Perdón y olvido

Lo que nos mueve a perdonar es la confianza en que aquel que nos ha causado algún mal puede arrepentirse y cambiar. Debemos perdonar por procurar la mejor vida de quien nos ha causado algún daño y no por mantener nuestro buen ánimo; el perdón es parte de la vida en comunidad. Pero, perdón nunca es olvido. El olvido evita el perdón. Para quien se arrepiente de haber dañado y es perdonado, el perdón otorgado permanece presente; para quien, sin otorgar el perdón, sólo pretende olvidar, quizás olvide, pero también olvidará perdonar –incluso cuando uno es quien debe darse el perdón, aunque sea menos noble que cuando lo obtiene de alguien más.

El perdón debe ser otorgado en lo íntimo, siempre de uno a uno, igual que la amistad. La caridad es hacer bien a quien no lo merece (se da en lo íntimo); dar lo que merece a quien merece recibirlo es justicia. Cuando alguien falta a la costumbre de una comunidad, por justicia debe recibir lo que merece. La falta que ha cometido es pública y ahí no cabe el perdón, como no cabe el orgullo en la intimidad –no hay orgullo entre amigos.

Perdonamos al amigo en la intimidad y muchas veces guardamos silencio por evitar el orgullo y la humillación pública, para no hacer público lo privado. Pero en otras ocasiones, cuando, o la falta es pública o no hay aquella intimidad, no hay más que la justicia. Ahí se hace más claro que perdón no es olvido. Pues aunque el perdón sea otorgado a quien cometió la falta, cuando la falta es contra la costumbre, y por lo mismo pública, debe recibir lo que merece. El perdón, en lo íntimo, puede ser otorgado por quien recibió el daño, pero el daño público no puede ser sanado con caridad, sino pagado con justicia.

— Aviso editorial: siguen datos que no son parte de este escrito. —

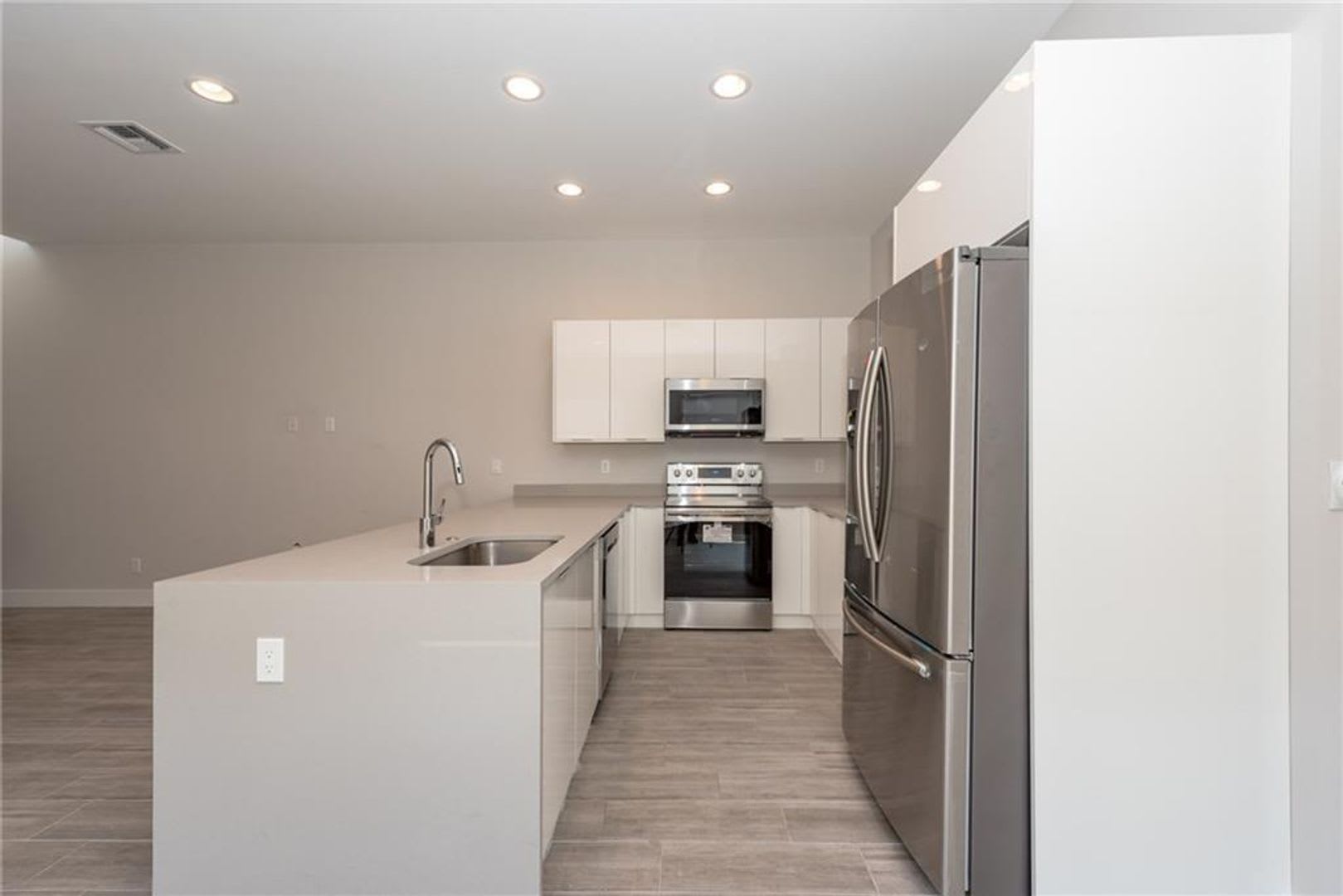 1105 NE 2nd Avenue, Fort Lauderdale, FL 33304 – photo 2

En estos días el vacío humano que nos cubre es, en gran medida, por la falta de caridad y perdón. Pues a falta de éstos, anhelamos olvidar y la justicia no es otra cosa que venganza. Con facilidad se aceptan 140 años de cárcel a los secuestradores, quizá por la confianza en que aquél que actuó mal haya en ello su modo de ser, cancelando la posibilidad de arrepentirse: «si ha de encontrar rencor y resentimiento, mejor que sea encerrado». Es la manera en que se intenta dejar en el olvido quien ha hecho daño.

El perdón va más allá, requiere el esfuerzo de evitar el rencor y la venganza, requiere aceptar el sufrimiento y el dolor para no sacrificar lo más humano que tenemos.

Alí Agca fue quien jaló el gatillo, lo hizo varias veces, y de manera casi simultánea tres balas salieron de aquella pistola. Éstas cruzaron rápidamente sobe la gente y dieron cada una en su objetivo: en la mano, en el brazo y en el abdomen. Fue el 13 de mayo de 1981 cuando, en la Plaza de San Pedro, Alí Agca le disparó a Juan Pablo II.

Dos años después, en diciembre de 1983, Juan Pablo lo visitó en la cárcel de Rebibbia, donde Alí cumplía su condena. Tras conversar con él, otorgó el perdón a su atacante. Pasó 27 años encarcelado antes de pagar su condena: fue puesto en libertad en 2010, aunque el perdón le había sido otorgado 27 años antes. Para ambos cambió la vida.